The real gems are the fiction stories, most of which are supplied by quality writers.
- Ralph L. Finn – A Dame with a Difference (pages 7-11)
A man jaded on women finds the woman of his dreams and they romance each other to pieces but he bails out on her when marriage is brought into the equation.
- Hervey Elliot Scott – He Shot a Fat Lady (pages 16-20)
A humorous circus murder story, involving the presumed murder of the Four Ton Florrie by the India-rubber Man. The police try him for murder, he is convicted, but, when they attempt to exact vengeance in the name of the law, bullets bounce off him, hanging him only stretches his neck, electrocution fails, etc. You get the idea. We then are informed that the Fat Lady is not dead! She merely was in a coma due to the folds of her fat, where the bullet had lodged.
- Dennis Wynne – And the Blood Coursed Freely (pages 21-26)
The story involves a man reliving his youthful days through a variety of action-filled silly scenarios; finding a beautiful woman, fighting and losing her. Purely a humorous tale.
- Denys Val Baker – Water (pages 49-51)
Baker delves deep into the sinister fascination a hydrophobic deals with on a regular, daily basis, in all forms and fears.
- Gerald Kersh – Vision of a Lost Child (pages 55-58)
A man grows up re-living a nightmarish tragedy from childhood in his dreams and each time he sleeps, he sinks deeper and deeper in mud. Believing that when the mud succeeds in creeping over him that he will die, he puts off sleep for over a week and seeks the aid of a psychologist. In the end, he falls asleep, and the mud wins. A deep, dark story by a clever writer of weird stories.
- Brett Ogilvie – The Abnormal Talent (pages 62-66)

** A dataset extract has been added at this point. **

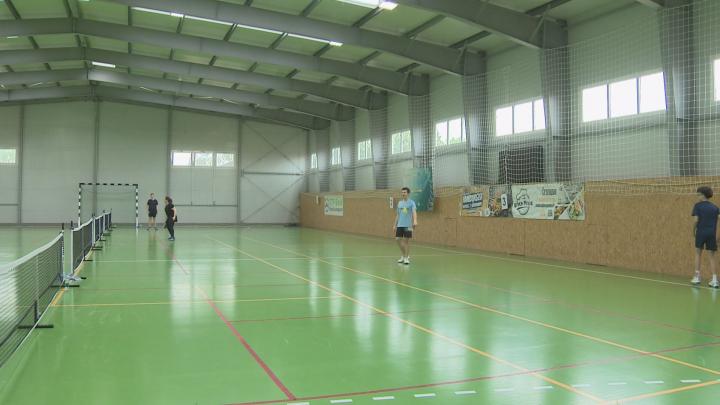 Pickleball Bólyban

A painter’s works-of-art come to life upon completion, only, he desires to exit the business lest he go insane. When asked by a friend to draw a gun, he performs the task. It is used against him. Thus dying, all his creations-come-to-life immediately vanish. However, the dead artist returns to life, sans his former ability! A entrancingly humorous fantasy.